What a difference a new vocalist makes! Well, not really a "new" vocalist, just a different member barking. With the departure of vocalist/guitarist Balmore, who sang lead and shredded away on 2008's brilliant EXMORTUS debut, "In Hatred's Flame", co-shredder Conan slid over to the microphone and brings a nastier, meaner voice to "Beyond the Fall of Time", while new guitarist Sean Redline fills the vacated six-string spot. The technicality of the death/thrash assault is still present, but what one hears more than ever on the sophomore release is a muscular and downright brutal approach to these finely honed compositions.

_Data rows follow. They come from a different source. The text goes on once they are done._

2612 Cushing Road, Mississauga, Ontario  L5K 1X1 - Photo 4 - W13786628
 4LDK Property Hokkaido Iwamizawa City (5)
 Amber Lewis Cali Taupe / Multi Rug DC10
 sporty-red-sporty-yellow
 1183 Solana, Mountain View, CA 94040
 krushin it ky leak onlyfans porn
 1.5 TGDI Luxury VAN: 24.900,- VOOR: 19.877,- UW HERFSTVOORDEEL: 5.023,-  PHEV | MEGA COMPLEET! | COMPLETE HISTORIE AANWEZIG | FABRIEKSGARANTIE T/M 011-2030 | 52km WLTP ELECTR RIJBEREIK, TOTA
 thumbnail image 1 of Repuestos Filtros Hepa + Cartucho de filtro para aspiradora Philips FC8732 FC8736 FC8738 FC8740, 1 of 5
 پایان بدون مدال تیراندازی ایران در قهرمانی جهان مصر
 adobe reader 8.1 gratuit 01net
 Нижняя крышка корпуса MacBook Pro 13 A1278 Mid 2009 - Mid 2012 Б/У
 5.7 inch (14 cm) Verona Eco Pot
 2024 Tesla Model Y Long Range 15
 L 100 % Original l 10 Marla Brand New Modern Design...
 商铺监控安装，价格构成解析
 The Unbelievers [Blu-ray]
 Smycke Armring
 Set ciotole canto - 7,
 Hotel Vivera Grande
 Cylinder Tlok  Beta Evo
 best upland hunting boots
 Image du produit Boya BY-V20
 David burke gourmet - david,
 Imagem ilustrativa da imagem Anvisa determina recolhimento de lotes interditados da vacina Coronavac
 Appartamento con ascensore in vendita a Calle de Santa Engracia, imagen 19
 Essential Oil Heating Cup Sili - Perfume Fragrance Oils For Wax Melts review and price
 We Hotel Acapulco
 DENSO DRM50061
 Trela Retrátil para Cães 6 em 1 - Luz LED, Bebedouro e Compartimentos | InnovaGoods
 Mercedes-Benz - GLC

In other words, the biggest difference between the two albums is that "Beyond the Fall of Time" hits with an impact that is more direct. That's only in terms relative to its predecessor and means that the sheer heaviness of the riffs, the diesel-powered rhythm section, and Conan's ballsy USURPER-CELTIC FROST snarl stands out even more than all those screaming guitar solos. The neoclassical guitar playing that was heard with some frequency on "In Hatred's Flame" is typically more subtle on "Beyond the Fall Time" with the exception of moments during "The Gathering", which also features a more distinct tunefulness in the chords compared to the rest of the album. That's also not to say that "Beyond the Fall of Time" is without its epic compositional qualities, in depth if not length, as one finds during the Middle Eastern flavors of instrumental "Beyond the Nile…" or the classical acoustic elements of the more subdued, though no less ominous, "Khronos (Forever in the Void)". But damn, it is the massive crush and belligerent vocals inherent in the attack this time around that raises tracks like "Kneel Before the Steel" and the absolute skull-cracking bellicosity of "Black XIII" to anthem levels. Not unlike the manner in which the songwriting as a whole is bolstered with meticulous playing and effective musical coloration, Conan knows just when to bust out a vintage, Rob Halford-esque scream, as is the also the case on "Kneel Before the Steel". Arrangement-wise, "Entombed with the Pharaohs" is the ace of the bunch — wantonly violent in demeanor, smattered with dive-bombing solos, rife with great transitions to mid-paced crunch, and all kinds of fret-fireworks over the course of its six-minute-plus duration. "Left to Die in the Paradox of Time" is right up there as well, this one a true blend of light atmospherics and speed metal fury.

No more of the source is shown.